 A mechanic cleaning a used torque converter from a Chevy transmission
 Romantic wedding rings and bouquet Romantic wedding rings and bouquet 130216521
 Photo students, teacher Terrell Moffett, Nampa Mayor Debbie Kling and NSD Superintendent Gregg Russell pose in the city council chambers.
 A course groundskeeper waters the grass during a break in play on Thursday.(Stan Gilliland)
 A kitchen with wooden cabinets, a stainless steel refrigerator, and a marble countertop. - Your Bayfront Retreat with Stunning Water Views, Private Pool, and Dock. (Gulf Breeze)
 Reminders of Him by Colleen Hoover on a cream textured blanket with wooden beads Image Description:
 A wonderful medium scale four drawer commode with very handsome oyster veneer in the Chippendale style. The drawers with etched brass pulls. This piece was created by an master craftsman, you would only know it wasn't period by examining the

----------

What to work on =>
Across the whole listing above, report each line that includes "with".

Output below =>
 A kitchen with wooden cabinets, a stainless steel refrigerator, and a marble countertop. - Your Bayfront Retreat with Stunning Water Views, Private Pool, and Dock. (Gulf Breeze)
 Reminders of Him by Colleen Hoover on a cream textured blanket with wooden beads Image Description:
 A wonderful medium scale four drawer commode with very handsome oyster veneer in the Chippendale style. The drawers with etched brass pulls. This piece was created by an master craftsman, you would only know it wasn't period by examining the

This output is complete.